The ruling, not industry-specific, covers every company that contracts out for services rendered by those who are not the company’s own employees. It means, for example, that the headquarters of a fast food chain could be held liable for the unfair labor practices of an otherwise independent franchisee. Critics lament that by tossing aside years of settled labor policy, the decision blurred the lines of responsibility for decisions affecting the daily operations of small businesses across the country.
The push for clarity on joint employer status appears to be gaining momentum within the Trump Administration. In a brief statement on June 7, Secretary of Labor Alexander Acosta announced “the withdrawal of the U.S. Department of Labor’s 2015 and 2016 informal guidance on joint employment and independent contractors.”
The National Retail Federation was among those welcoming the announcement that the Labor Department that it would withdraw the “burdensome guidance.” That created “seemingly limitless liability in business to business relationships.”
"The announcement from the Labor Department is an important first step in reversing one of the most onerous regulations imposed by the previous administration on businesses,” Matthew Shay, NRF’s president and CEO, said at the time. “Drastically expanding joint employer liability to hold one business responsible for the actions of another independent business, such as a subcontractor or franchisee, did nothing to protect employees and only created uncertainty that led to more growth-chilling litigation.”
“Retailers hope Congress will build on this progress and put the issue to rest once and for all with clear, fair legislation defining joint employers,” he added.
An attempt at that sort of legislation emerge with the Save Local Business Act. It was born of concerns that, despite the Labor Department move, the plaintiff’s bar and some judges could continue to perpetuate problems.
In January 2017, the U.S. Court of Appeals for the Fourth Circuit adopted an expansive new joint employer standard under the FLSA in Salinas v. Commercial Interiors, Inc.
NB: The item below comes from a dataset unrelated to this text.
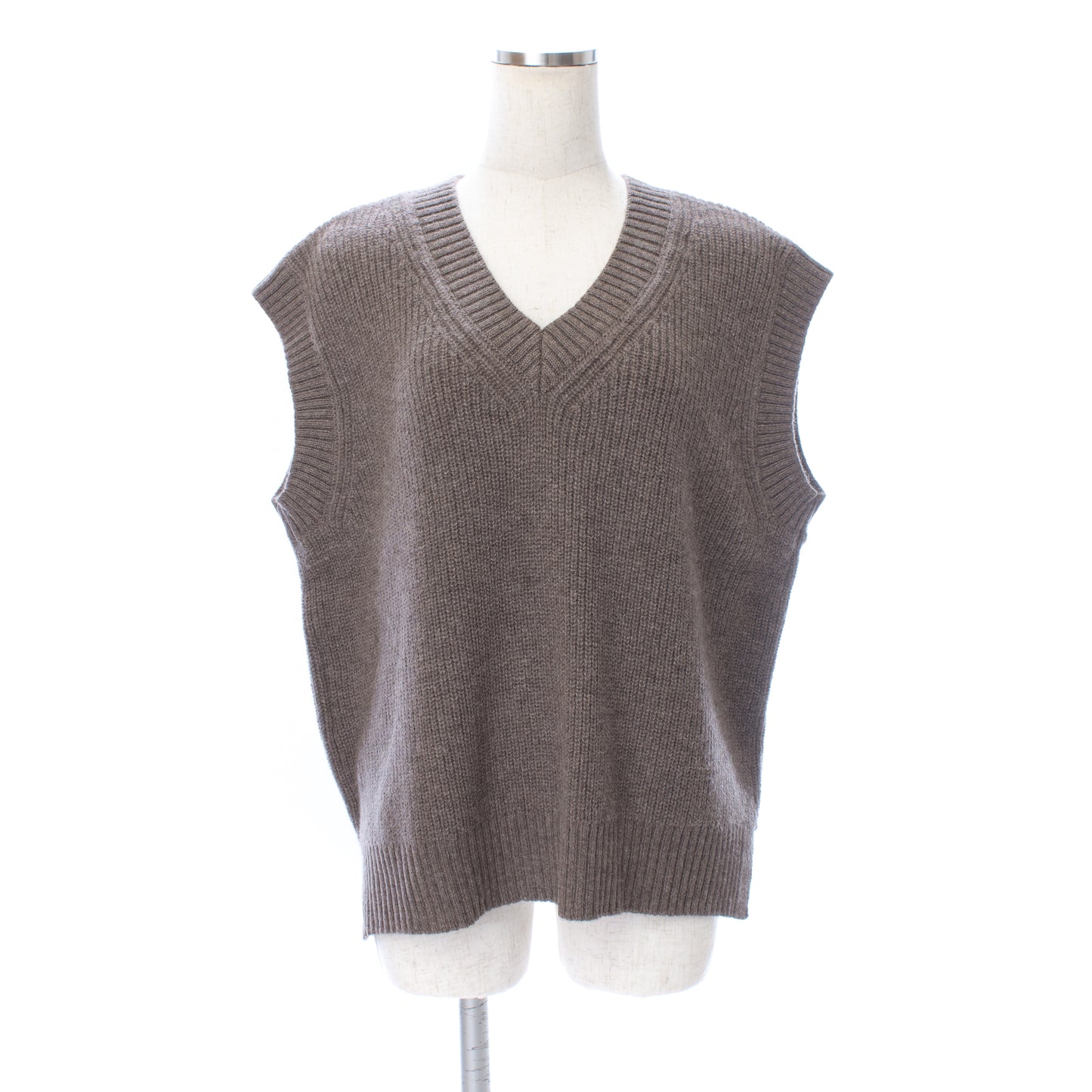 26AW Gilet côtelé 2 positions en alpaga royal /CT26311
The new test finds joint employer status under the FLSA where “two or more persons or entities are not completely disassociated …” with respect to their separate workplaces,” a fact sheet from Rep. Byrne’s office says.
“The Fourth Circuit’s test seems to make any relationship or collaboration between two businesses a joint employment relationship because the two entities will not be completely disassociated,” it says. “To make matters worse, Salinas states that ‘one factor alone can serve as the basis for finding that two or more… entities are not completely disassociated.’ This test is even broader than the joint employer test under Browning-Ferris, and has contributed to a growing patchwork of joint employer standards across the country.”
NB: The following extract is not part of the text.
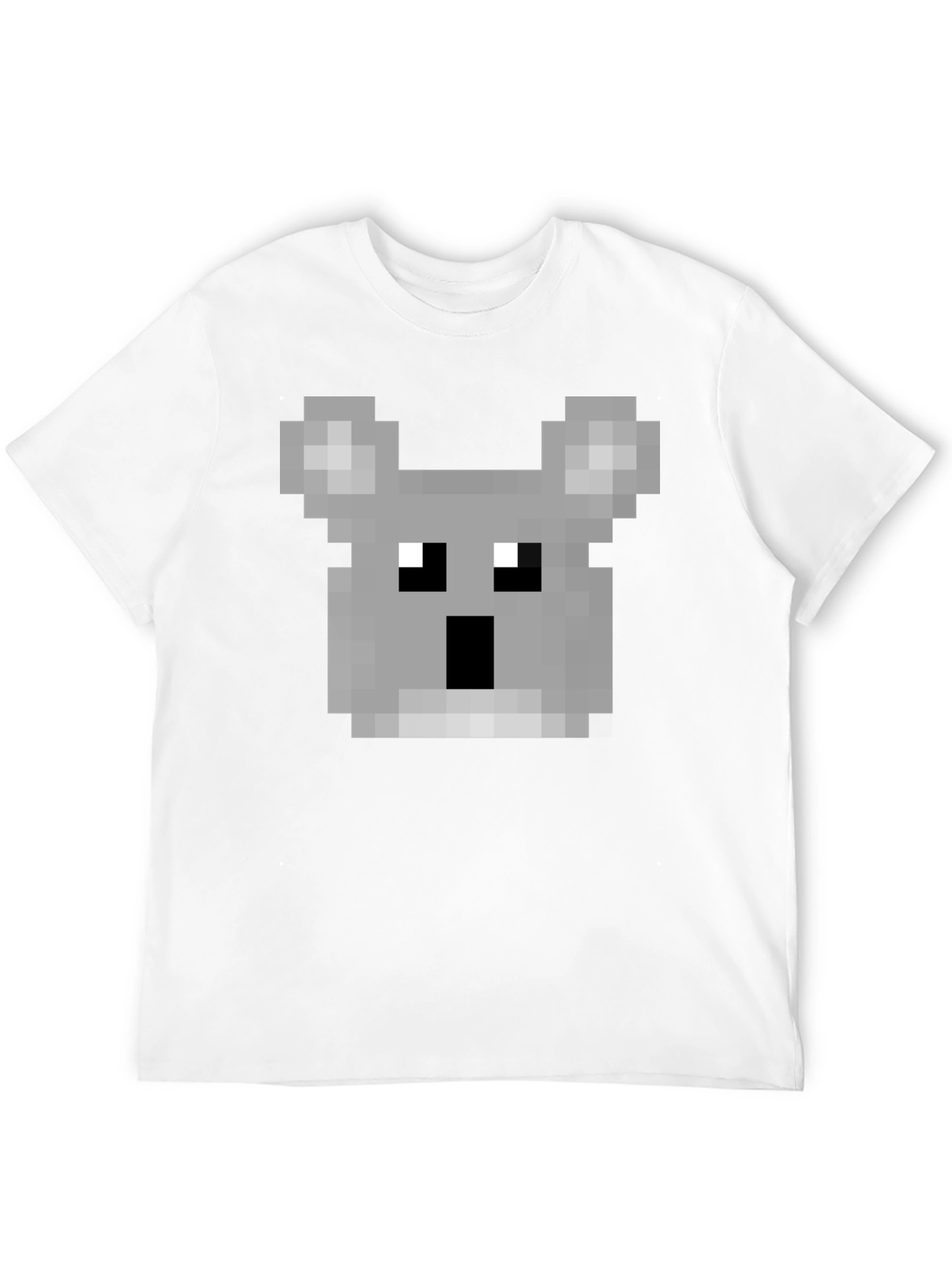 Pixelated Koala Graphic T-Shirt - Black Cotton Tee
Byrne’s legislation reaffirms that two or more employers must have “actual, direct, and immediate” control over employees to be considered joint employers under the National Labor Relations Act and Fair Labor Standards Act.
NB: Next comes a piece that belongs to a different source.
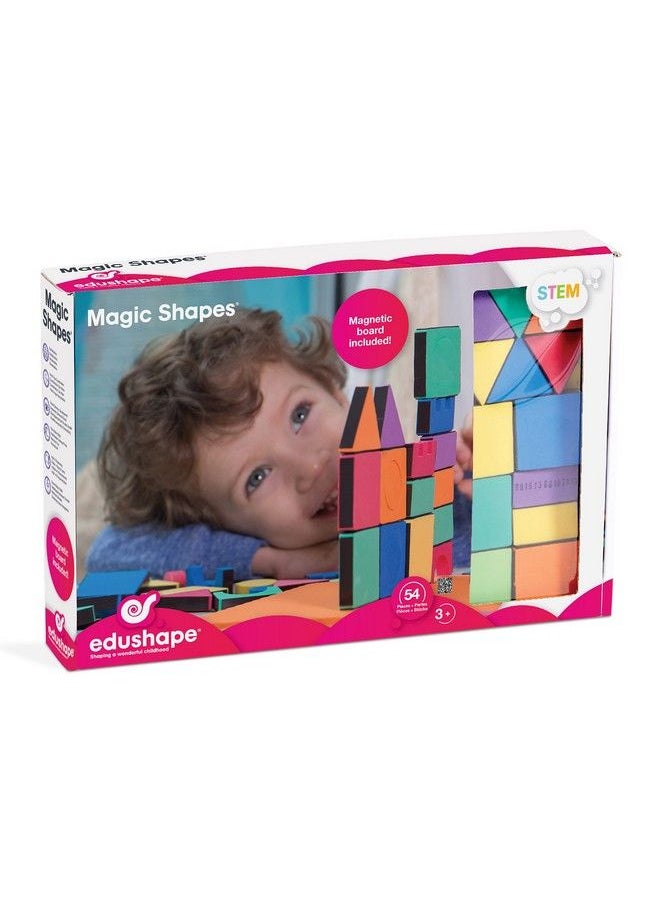 Edushape Magnetic Shapes Soft Baby Blocks Set Of 54 Vibrant Magnetic Stacking Blocks For Learning & Development Soft Blocks For Babies Toddlers & Kids For Stem Building  - Image 2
The Save Local Business Act, as approved by committee, amends the NLRA and FLSA by defining joint employer relationships as follows:
“A person may be considered a joint employer in relation to an employee only if such person directly, actually, and immediately, and not in a limited and routine manner, exercises significant control over essential terms and conditions of employment, such as hiring employees, discharging employees, determining individual employee rates of pay and benefits, day-to-day supervision of employees, assigning individual work schedules, positions, and tasks, or administering employee discipline.”